You'd think, but SuperDuper hasn't been updated since last July, while CCC has been updated several times.


----------



## SINC (Feb 16, 2001)

John Clay said:


> Even though you get a free license of the new version? Strange.


That's because I lost the unlock code and can't find it anywhere, so I have a request in to Bombich to see if they will give me a new one.


----------



## John Clay (Jun 25, 2006)

SINC said:


> That's because I lost the unlock code and can't find it anywhere, so I have a request in to Bombich to see if they will give me a new one.


https://mew.bombich.com/licenses/retrieveLicense.php

That should do it instantly, if you haven't tried it already.


----------



## SINC (Feb 16, 2001)

Many thanks John, got the code already! Now I am set to go on ML too!


----------



## julian_photo (May 4, 2006)

I've been using CCC for year its great of course. I don't mind paying for it I guess but that price does seem a bit high to me.


----------



## broad (Jun 2, 2009)

seems crazy that if you donated $5 you're good to go, but yet to buy it costs 8x that amount?


----------



## keebler27 (Jan 5, 2007)

Thanks for the update Sinc.

I have no problem with the fee. I use this app all the time and always recommend it to clients as well. Easy enough to use and does the trick. Love the flexibility.

Plus, I was getting tired of the "Hey, you've backed up x TB of info consider donating."

But I already did! 

Good for him.

Cheers,
Keebler


----------



## groovetube (Jan 2, 2003)

John Clay said:


> You'd think, but SuperDuper hasn't been updated since last July, while CCC has been updated several times.


This is the reason why I've been turned to CCC.


----------



## krs (Mar 18, 2005)

Why do people think that software that gets updated more frequently is better?

Couldn't it just mean the opposite - the developers of that software had to try a few times before they got it right.

Along those lines - any one have any guesses as to what "features" CCC is planning to add that they would charge for additional in the future?
The function of CCC and SD is to create a bootable clone on an external storage media - I really don't see any great new features that people would be clamouring for.
What capabilities are missing now that would really enhance these products?


----------



## screature (May 14, 2007)

krs said:


> Why do people think that software that gets updated more frequently is better?
> 
> Couldn't it just mean the opposite - the developers of that software had to try a few times before they got it right.
> 
> ...


+1. 100% Agree. For what the program is designed to do what more does one really need?


----------



## groovetube (Jan 2, 2003)

krs said:


> Why do people think that software that gets updated more frequently is better?
> 
> Couldn't it just mean the opposite - the developers of that software had to try a few times before they got it right.
> 
> ...


because when the new OS came out, it needed an update, CCC supports what I needed with the current OS, and super duper was too slow.

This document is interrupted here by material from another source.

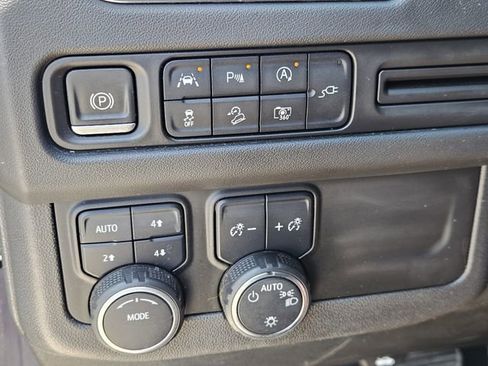 Used 2022 Chevrolet Tahoe Z71 w/ Luxury Package image 22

Not necessarily so much better, but at least current with an OS that's been out for quite while. It wasn't like I updated to lion very quickly either.

+ on snow leopard, super duper is fine.


----------



## SINC (Feb 16, 2001)

My HD has 200 GB on it and I update it twice daily, on two different externals, one following the other, first with CCC and again with a paid version of SD. Smart update speeds are within seconds of each other, both programs doing that daily update in about seven minutes, give or take a few seconds. I call it a tie on speed comparing the two. I like to have two different bootable backups from two different programs as additional security. That way if one program goes corrupt while I am on the road without internet access, I have a back up.


----------



## groovetube (Jan 2, 2003)

I should clarify, by "too slow", I meant super duper hadn't updated to support lion and the recovery partition even though I waited until 10.7.4 , CCC had already done it. I wasn't going to wait.


----------



## fyrefly (Apr 16, 2005)

John Clay said:


> Even though you get a free license of the new version? Strange.

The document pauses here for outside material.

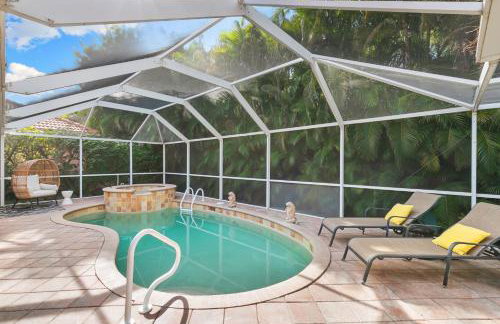 Beautifully-furnished Naples Home l Pool l Hot Tub - Foto 19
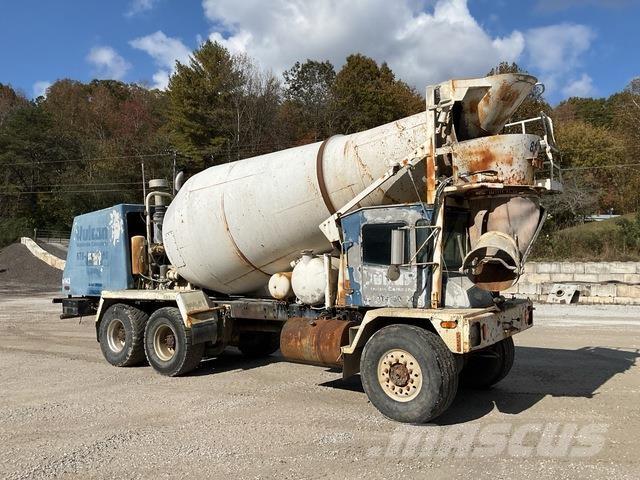 Advance  شاحنات أخرى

If he hasn't donated to CCC yet, then he doesn't get a free license. 

I myself am happy with SuperDuper for my backup needs.


----------



## eMacMan (Nov 27, 2006)

If this is a one time fee and does not require a $10 upgrade every time the OS changes a little bit, then I have no problems at all with the fee. Were the CDN$ still at .62 U$ it might be a different story.

Any ways have gradually come to prefer CCC to SD after SD poo-ed out doing a couple of uncompressed disk images well over an hour into the process. CCC had no issues and did the same job in about 45 minutes.


----------



## pm-r (May 17, 2009)

Hmmm... I don't see any hassles or "expensive" CCC updates, and JC's post got SINC back to his CCC "paid" mode.

Just download or use an earlier CCC version and do the recommended donation process and configure it to let your CCC version know you've paid.

From the recent update page window:

"If I paid for CCC in the past, am I going to be asked to pay again?

No, if you paid for CCC in the past and checked the "I paid" button, this version of CCC should not ask you to purchase CCC again. If your preferences have been cleared or if you're using a different user account, see the next item to learn how to retrieve your registration information."

I've been using CCC since it's beginnings and even tried SD which was about $30.00 as I recall at the time to get the same features.

I also paid four times the suggested CCC donation amount years ago as I figured it was worth that for our use. And that amount is still over the latest special "commercial" price.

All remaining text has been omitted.